#### TASK PROMPT
Exact reproduction of every record is required, and pictures are to be excluded.

#### RAW DATA
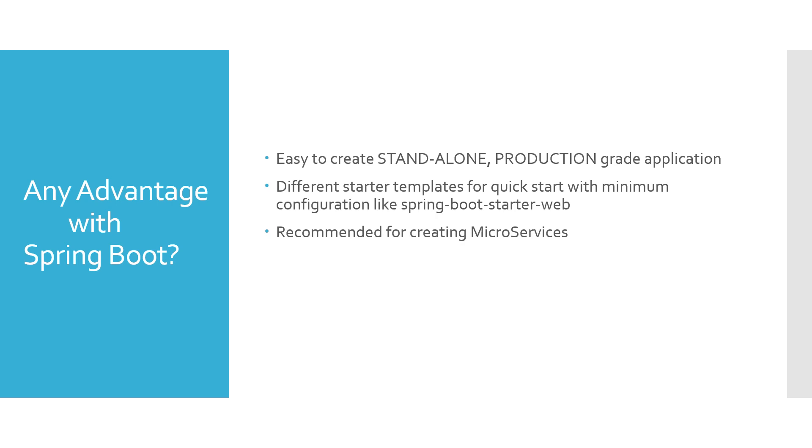It is recommended for creating microservices in case of Java. Also, whenever we are going to start a new project in microservice architecture, it is recommended for going with Spring Boot.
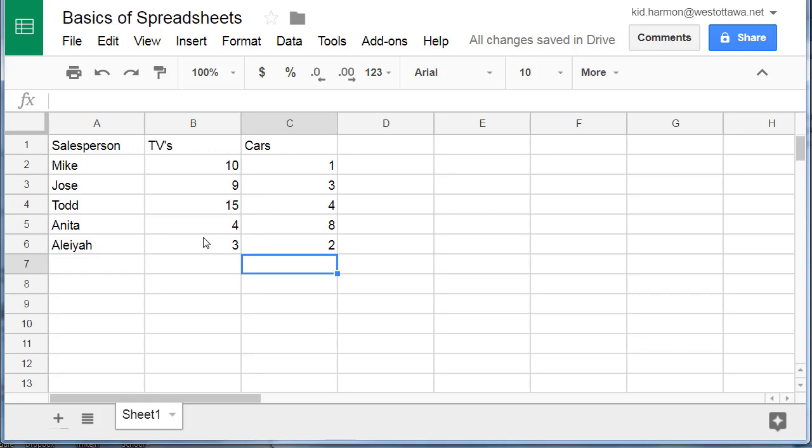I've got another question for you. The name Anita is on the screen. What row is that in? You should have said row 5.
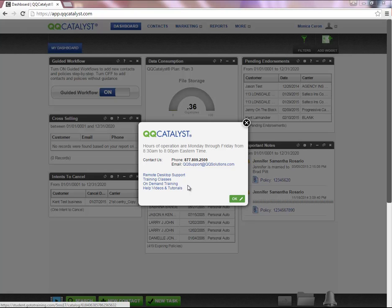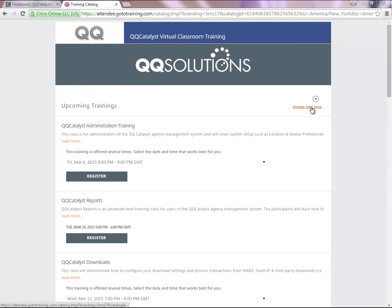To register for the live training classes, you're going to select Training Classes in the blue hyperlink. This will populate a new tab.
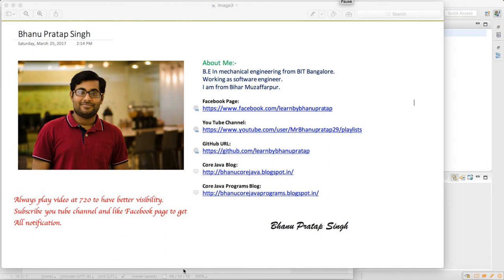Hey guys, what's up! Today I will talk about Java programming code — specifically how to find out whether a given number is a perfect number or not. To find out, we need to know the logic.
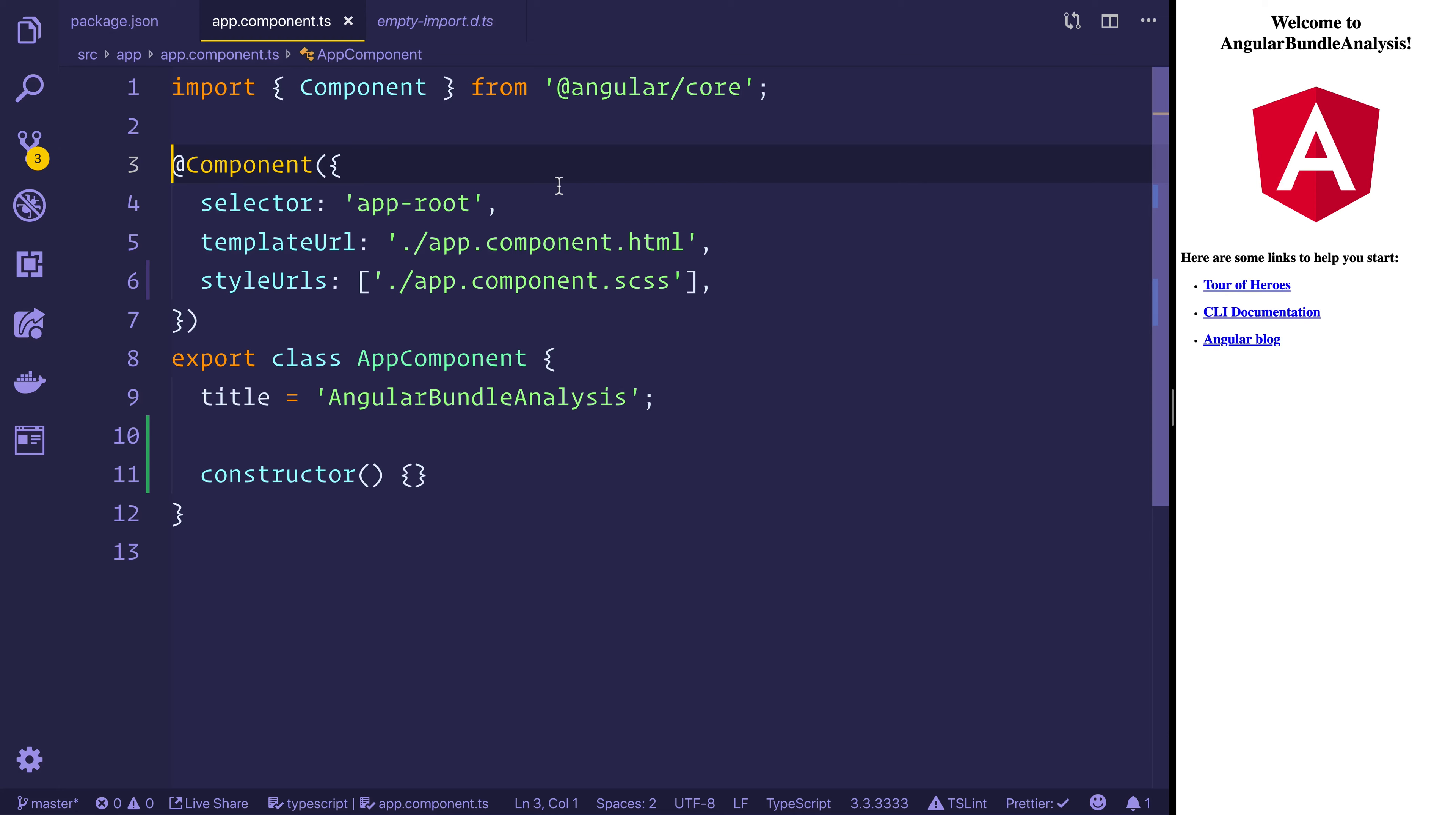So I have a standard Angular app as you can see and it has Moment installed. Now Moment simply allows us the ability to work with various dates and times and it also gives us the ability to work with various locales. But unfortunately what happens is that every one of these locales are added to our final bundle. Thankfully there's a webpack plugin which removes the unnecessary locales.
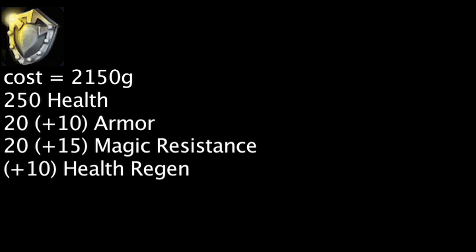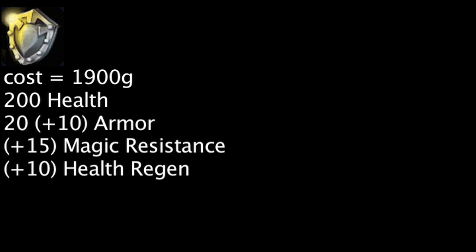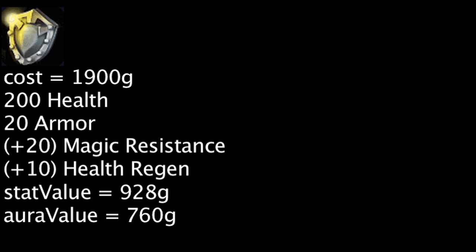The Aegis of the Legion now costs 250 less gold and will grant 50 less health and 20 less magic resistance. The item's aura will grant 10 less armor, but will grant 5 more magic resistance. One will now be wasting 212 gold by purchasing an Aegis of the Legion, but it will be cost effective if at least one other champion is affected by the aura.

#### EXERCISE OUTPUT
It is recommended for creating microservices in case of Java. Also, whenever we are going to start a new project in microservice architecture, it is recommended for going with Spring Boot.
I've got another question for you. The name Anita is on the screen. What row is that in? You should have said row 5.
To register for the live training classes, you're going to select Training Classes in the blue hyperlink. This will populate a new tab.
Hey guys, what's up! Today I will talk about Java programming code — specifically how to find out whether a given number is a perfect number or not. To find out, we need to know the logic.
So I have a standard Angular app as you can see and it has Moment installed. Now Moment simply allows us the ability to work with various dates and times and it also gives us the ability to work with various locales. But unfortunately what happens is that every one of these locales are added to our final bundle. Thankfully there's a webpack plugin which removes the unnecessary locales.
The Aegis of the Legion now costs 250 less gold and will grant 50 less health and 20 less magic resistance. The item's aura will grant 10 less armor, but will grant 5 more magic resistance. One will now be wasting 212 gold by purchasing an Aegis of the Legion, but it will be cost effective if at least one other champion is affected by the aura.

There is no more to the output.